Quite frankly lengthy and rather overly-detailed analysis of the interlude between chapters 16 & 17.
~The Analysis (Sn.Shots)~
- Susie’s obsession with the camera is ironic- she desired to “rescue the moment” of the photograph, to rescue the moment that “would now be gone forever except for a picture”- this is ironic since it was utterly unnecessary- when she died Susie could replay these moment and re-visit them. It is as if, in heaven, she has everything she wanted, yet still she is unhappy- just like with the other characters. When they get what they desire they feel the desire more. Juxtaposes Christian beliefs about greed.
- 214 “He willingly gave the grisly details to any customer who asked- young girl, cornfield, found only an elbow” – as if this had become the definition of Susie, three/ four words to define her existence (and it orientated around the end of it). Reveals the way the dead saw the living.
- “A Chinese red” 215 (Abigail priding herself on being able to wear such colours)- red connotes danger and lust, desire- hint that she had always been ‘wearing’ her desire for danger, an escape from motherhood.
- “A family with five little girls moved into Harvey’s house” 216 – ironic that in the list of those Harvey had killed in previous chapters it was stated he had killed five little girls (and a 49 year old, hence not little and excluded from 5)- almost representative of the girls he had killed, the lives he had taken. As if their spirits had come to slumber in the place they had died, or with the man who killed them. Haunting. Eerie tone developed in line “The sound of little girls- girls to spare” to give a suggestion that they had no use, as if they were already dead only back to haunt the house of Harvey
- “Play without that always-worried look underneath the smile”- as if the incident had tarnished their existence, so that even a smile was never the same- something had changed. Idea of a mask- masking the worry with a smile.
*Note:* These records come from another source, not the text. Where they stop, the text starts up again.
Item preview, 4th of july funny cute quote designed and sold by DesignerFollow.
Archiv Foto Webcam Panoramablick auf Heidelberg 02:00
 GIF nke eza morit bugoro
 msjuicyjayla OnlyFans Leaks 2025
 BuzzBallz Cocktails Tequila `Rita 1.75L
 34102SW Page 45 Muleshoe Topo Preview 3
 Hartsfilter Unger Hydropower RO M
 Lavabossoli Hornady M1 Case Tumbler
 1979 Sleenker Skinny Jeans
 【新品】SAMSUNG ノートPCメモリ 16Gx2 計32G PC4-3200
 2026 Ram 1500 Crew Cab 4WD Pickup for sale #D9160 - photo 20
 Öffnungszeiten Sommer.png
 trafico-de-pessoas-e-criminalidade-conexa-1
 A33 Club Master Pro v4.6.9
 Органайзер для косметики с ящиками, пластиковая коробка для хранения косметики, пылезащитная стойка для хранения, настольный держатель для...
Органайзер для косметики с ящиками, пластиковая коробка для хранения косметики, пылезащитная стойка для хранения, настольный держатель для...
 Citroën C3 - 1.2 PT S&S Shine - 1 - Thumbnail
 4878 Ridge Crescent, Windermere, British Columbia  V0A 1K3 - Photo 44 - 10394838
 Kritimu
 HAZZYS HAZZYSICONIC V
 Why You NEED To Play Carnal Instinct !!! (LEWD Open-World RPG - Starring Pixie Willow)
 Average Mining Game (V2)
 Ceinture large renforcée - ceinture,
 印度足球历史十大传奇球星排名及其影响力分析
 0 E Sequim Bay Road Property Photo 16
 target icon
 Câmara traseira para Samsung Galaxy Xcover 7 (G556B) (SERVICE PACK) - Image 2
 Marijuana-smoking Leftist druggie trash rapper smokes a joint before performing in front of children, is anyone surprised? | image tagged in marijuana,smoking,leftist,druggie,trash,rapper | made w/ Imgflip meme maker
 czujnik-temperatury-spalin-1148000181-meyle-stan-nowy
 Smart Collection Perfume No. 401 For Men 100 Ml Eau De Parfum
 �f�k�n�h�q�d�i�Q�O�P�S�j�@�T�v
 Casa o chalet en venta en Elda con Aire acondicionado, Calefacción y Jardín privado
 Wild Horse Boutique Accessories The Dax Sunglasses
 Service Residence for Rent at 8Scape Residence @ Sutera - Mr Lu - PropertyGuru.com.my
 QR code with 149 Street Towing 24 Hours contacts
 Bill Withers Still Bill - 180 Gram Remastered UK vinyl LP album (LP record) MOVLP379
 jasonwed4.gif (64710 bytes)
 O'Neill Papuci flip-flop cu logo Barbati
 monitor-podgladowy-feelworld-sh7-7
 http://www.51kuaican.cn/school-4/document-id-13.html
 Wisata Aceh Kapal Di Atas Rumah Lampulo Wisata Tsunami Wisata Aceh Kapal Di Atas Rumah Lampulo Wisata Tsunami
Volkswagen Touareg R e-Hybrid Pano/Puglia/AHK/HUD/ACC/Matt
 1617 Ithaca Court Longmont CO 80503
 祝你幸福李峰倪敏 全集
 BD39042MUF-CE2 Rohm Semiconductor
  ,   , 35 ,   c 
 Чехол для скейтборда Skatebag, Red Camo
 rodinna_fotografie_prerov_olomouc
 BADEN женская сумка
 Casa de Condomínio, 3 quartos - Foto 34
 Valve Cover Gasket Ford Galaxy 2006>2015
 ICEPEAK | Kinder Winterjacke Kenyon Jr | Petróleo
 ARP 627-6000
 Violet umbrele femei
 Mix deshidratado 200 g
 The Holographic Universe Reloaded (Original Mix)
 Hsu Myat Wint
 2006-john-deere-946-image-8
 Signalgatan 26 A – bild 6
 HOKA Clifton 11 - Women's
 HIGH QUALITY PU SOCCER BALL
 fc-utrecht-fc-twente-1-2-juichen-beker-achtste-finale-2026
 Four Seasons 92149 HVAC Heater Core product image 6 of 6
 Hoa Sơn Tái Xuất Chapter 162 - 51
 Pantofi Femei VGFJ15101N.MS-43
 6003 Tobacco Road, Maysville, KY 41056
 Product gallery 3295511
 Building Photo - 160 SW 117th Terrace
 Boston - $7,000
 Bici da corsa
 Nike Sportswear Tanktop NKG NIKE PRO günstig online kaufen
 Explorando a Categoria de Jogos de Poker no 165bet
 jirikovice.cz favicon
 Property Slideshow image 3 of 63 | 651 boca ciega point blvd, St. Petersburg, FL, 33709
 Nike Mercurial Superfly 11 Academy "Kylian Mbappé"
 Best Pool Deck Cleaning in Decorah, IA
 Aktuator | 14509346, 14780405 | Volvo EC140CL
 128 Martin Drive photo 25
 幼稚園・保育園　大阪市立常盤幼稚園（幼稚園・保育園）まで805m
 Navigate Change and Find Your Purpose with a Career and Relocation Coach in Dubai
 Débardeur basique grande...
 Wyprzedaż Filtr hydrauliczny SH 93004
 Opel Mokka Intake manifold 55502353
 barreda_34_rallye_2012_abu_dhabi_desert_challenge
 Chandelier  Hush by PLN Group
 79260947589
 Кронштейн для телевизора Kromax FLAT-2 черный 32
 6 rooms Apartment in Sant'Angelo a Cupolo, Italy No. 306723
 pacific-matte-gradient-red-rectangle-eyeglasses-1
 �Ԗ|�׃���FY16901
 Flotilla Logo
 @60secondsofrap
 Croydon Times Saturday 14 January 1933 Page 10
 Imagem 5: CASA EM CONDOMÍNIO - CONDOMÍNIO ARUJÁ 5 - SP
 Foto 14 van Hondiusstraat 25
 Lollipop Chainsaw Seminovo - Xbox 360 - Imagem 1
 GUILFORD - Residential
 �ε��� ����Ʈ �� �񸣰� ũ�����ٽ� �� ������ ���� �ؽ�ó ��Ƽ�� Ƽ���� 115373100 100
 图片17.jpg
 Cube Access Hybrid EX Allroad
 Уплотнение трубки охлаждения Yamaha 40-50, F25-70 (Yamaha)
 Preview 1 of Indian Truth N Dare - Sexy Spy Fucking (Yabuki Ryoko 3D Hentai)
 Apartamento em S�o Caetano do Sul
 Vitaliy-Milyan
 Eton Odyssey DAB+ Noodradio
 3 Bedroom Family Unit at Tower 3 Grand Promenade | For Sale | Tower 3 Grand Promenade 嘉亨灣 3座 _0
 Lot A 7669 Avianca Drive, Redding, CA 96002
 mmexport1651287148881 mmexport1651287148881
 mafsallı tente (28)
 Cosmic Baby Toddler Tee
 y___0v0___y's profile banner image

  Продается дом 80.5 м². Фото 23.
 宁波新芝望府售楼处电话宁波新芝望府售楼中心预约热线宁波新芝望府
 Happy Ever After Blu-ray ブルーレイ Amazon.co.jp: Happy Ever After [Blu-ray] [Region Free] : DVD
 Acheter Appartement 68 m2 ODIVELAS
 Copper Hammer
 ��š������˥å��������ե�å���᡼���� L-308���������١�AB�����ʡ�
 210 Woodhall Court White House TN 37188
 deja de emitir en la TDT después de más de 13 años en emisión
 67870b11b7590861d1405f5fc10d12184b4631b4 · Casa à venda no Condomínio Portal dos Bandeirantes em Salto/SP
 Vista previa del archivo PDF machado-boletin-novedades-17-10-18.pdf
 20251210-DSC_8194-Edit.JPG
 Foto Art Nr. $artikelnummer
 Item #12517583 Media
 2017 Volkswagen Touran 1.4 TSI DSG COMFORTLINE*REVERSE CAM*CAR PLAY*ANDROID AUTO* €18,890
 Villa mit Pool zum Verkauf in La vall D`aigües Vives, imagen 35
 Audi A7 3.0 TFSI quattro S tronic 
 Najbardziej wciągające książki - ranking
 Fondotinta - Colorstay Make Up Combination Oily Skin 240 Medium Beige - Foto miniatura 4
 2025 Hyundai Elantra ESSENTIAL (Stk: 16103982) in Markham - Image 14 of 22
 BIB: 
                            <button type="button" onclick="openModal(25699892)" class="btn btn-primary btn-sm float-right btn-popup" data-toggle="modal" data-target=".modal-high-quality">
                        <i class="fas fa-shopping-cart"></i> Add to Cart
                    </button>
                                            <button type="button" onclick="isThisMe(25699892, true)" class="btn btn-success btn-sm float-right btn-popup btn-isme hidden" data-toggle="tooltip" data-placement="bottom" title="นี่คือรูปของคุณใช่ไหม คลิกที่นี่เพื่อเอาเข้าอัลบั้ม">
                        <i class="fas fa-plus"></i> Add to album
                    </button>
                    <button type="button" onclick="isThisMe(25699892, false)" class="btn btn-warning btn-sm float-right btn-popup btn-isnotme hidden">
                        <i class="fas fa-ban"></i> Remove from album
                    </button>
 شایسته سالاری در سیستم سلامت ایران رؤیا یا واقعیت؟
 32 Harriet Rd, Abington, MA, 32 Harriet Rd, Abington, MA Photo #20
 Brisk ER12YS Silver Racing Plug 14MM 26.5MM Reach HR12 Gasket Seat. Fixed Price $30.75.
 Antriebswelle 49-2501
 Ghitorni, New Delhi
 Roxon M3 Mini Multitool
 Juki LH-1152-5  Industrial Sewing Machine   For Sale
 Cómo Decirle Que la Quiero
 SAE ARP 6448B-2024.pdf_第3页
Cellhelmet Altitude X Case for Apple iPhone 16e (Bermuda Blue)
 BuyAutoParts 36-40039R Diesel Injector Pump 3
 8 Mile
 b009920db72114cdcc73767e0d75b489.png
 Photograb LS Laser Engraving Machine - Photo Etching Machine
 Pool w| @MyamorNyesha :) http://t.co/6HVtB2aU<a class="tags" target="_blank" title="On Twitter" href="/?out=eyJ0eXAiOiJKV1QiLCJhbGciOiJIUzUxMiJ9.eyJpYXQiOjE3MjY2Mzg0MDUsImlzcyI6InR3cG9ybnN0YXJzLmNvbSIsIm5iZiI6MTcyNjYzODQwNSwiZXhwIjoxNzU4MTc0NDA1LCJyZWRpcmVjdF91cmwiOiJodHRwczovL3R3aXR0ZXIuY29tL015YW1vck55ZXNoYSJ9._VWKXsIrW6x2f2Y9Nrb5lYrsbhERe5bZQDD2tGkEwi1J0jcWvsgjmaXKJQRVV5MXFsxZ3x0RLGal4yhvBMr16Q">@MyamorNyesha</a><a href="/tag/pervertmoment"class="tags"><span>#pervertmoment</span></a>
- “Weak men changed into strong half-animals” … “when he felt his heart he turned into something stronger than a little boy” 217 – hardening himself like Lindsey had years earlier. If the children knew what to do and where capable of it, why didn’t the parents do the same? Growing up. Bildungsroman.
- “A heart that flashed from heart to stone; heart to stone”- he too has been tarnished by the death of his sister no matter how he tries to conceal it. “Stone” again suggests an element of cold, unfeelingness about his personality- seems to be present in all of the family (e.g. father’s heart described as a ‘cave’, the mother’s ‘icy’ exterior)- as if a part of them all died alongside Susie.
- Significance of Buckley drawing the Inbetween, the story about Susie’s death- seems as if Buckley knows what happened to Susie without being told- as if he is connected to her in a way that is never explored. This is added to by Buckley’s previous statements of Susie talking to him.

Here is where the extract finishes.